#### Available data

*-*-*

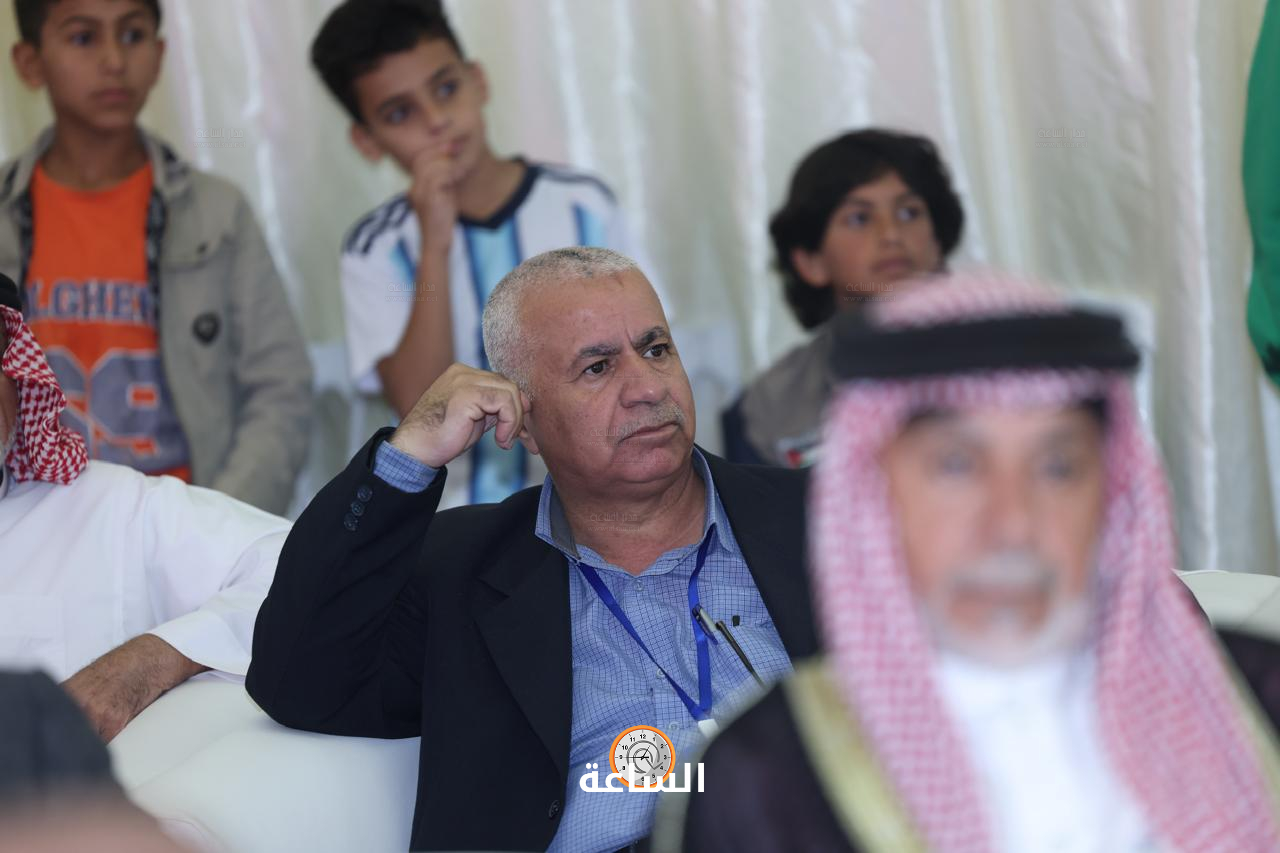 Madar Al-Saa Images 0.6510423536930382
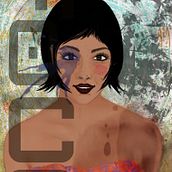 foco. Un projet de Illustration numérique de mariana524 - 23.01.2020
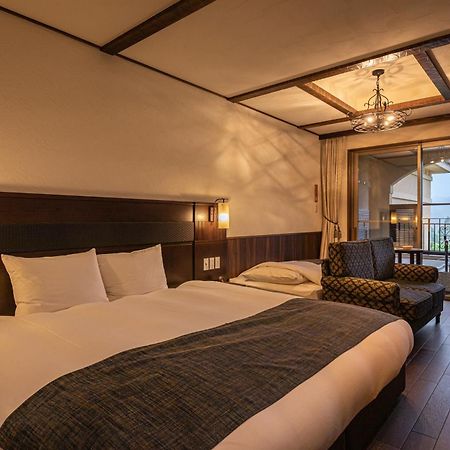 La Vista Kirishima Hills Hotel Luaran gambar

*-*-*

Could you repeat all of the data exactly, minus the pictures?

 Madar Al-Saa Images 0.6510423536930382
 foco. Un projet de Illustration numérique de mariana524 - 23.01.2020
 La Vista Kirishima Hills Hotel Luaran gambar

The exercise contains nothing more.